* [Your goal]: Pictures are not part of the copy; repeat everything else in the records exactly.

* [Input data]:
--- START ---

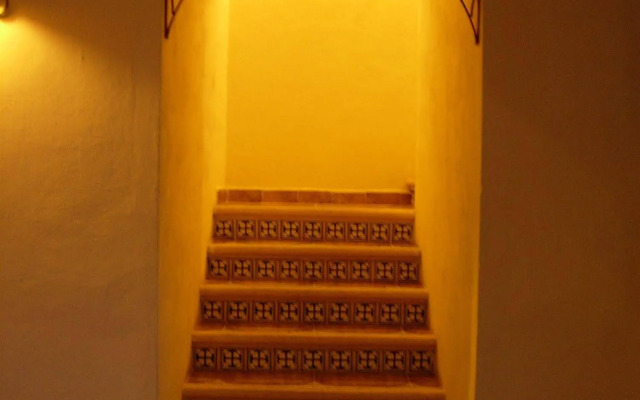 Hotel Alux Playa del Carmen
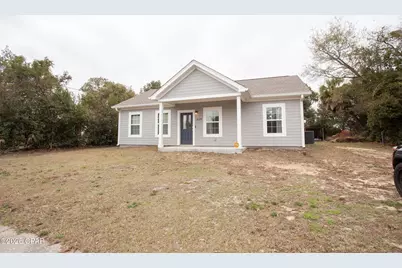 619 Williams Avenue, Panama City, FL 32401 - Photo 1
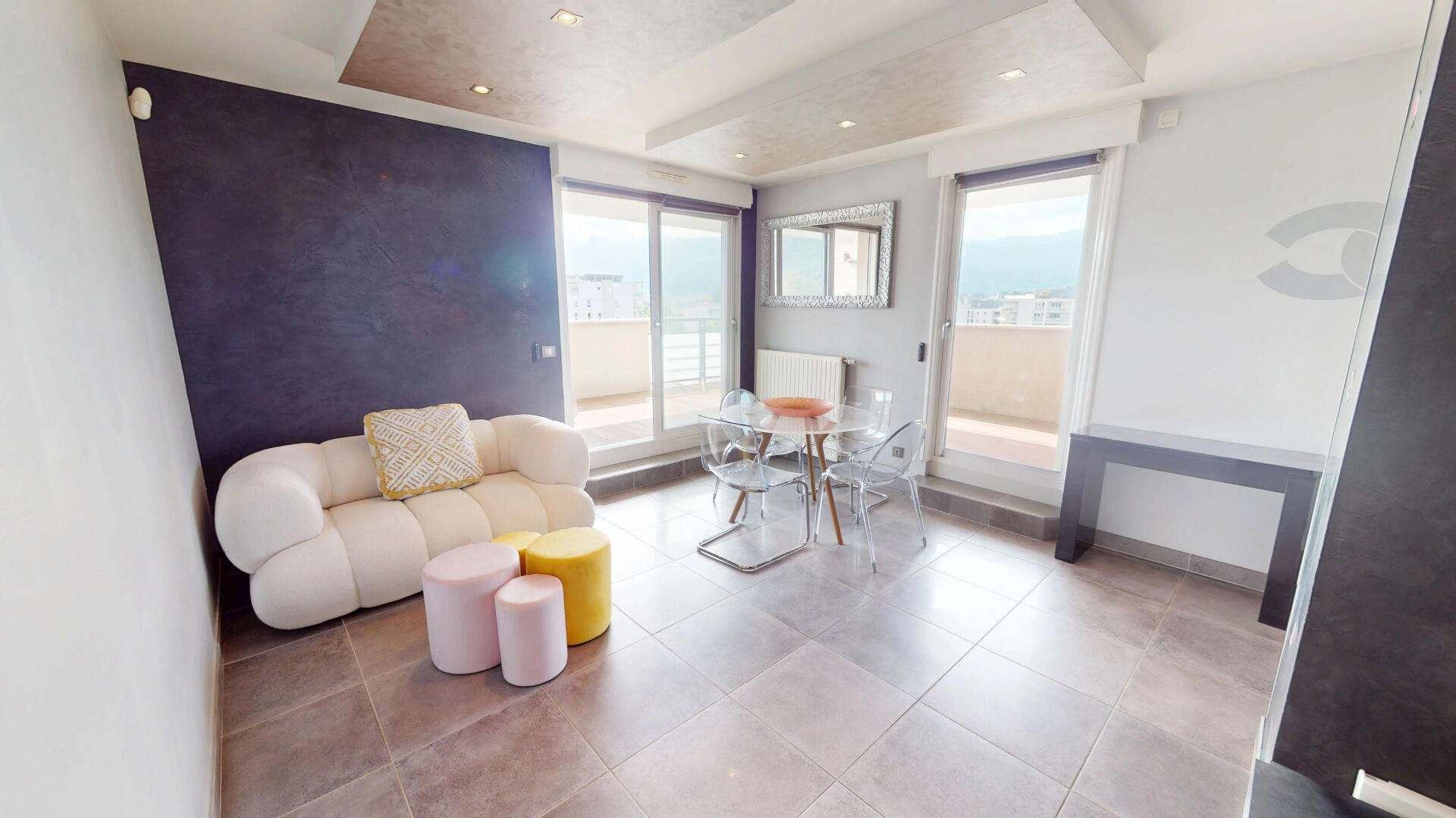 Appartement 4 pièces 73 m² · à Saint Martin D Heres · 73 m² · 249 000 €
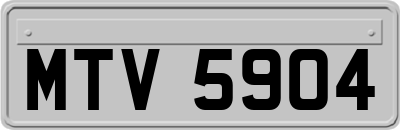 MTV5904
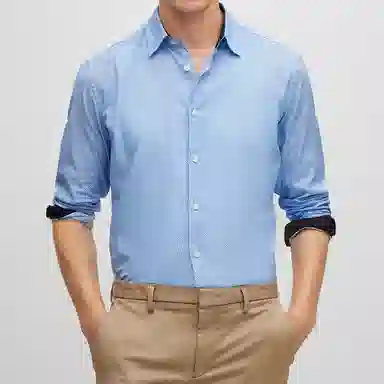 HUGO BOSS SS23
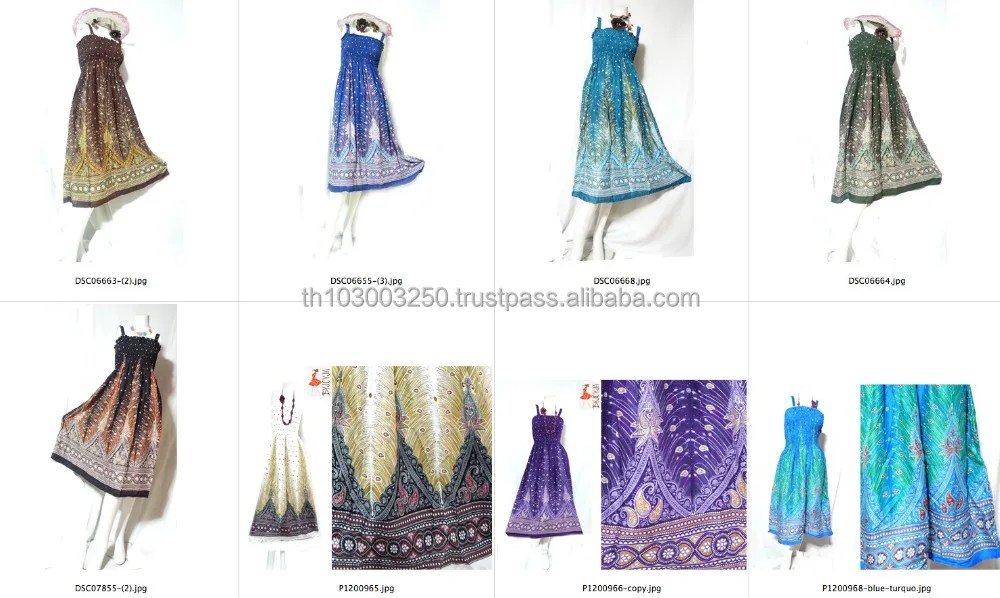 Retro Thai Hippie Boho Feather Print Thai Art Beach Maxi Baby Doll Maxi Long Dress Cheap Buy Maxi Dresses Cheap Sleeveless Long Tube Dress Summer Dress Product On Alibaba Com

--- END ---

* [Solution to this exercise]:
 Hotel Alux Playa del Carmen
 619 Williams Avenue, Panama City, FL 32401 - Photo 1
 Appartement 4 pièces 73 m² · à Saint Martin D Heres · 73 m² · 249 000 €
 MTV5904
 HUGO BOSS SS23
 Retro Thai Hippie Boho Feather Print Thai Art Beach Maxi Baby Doll Maxi Long Dress Cheap Buy Maxi Dresses Cheap Sleeveless Long Tube Dress Summer Dress Product On Alibaba Com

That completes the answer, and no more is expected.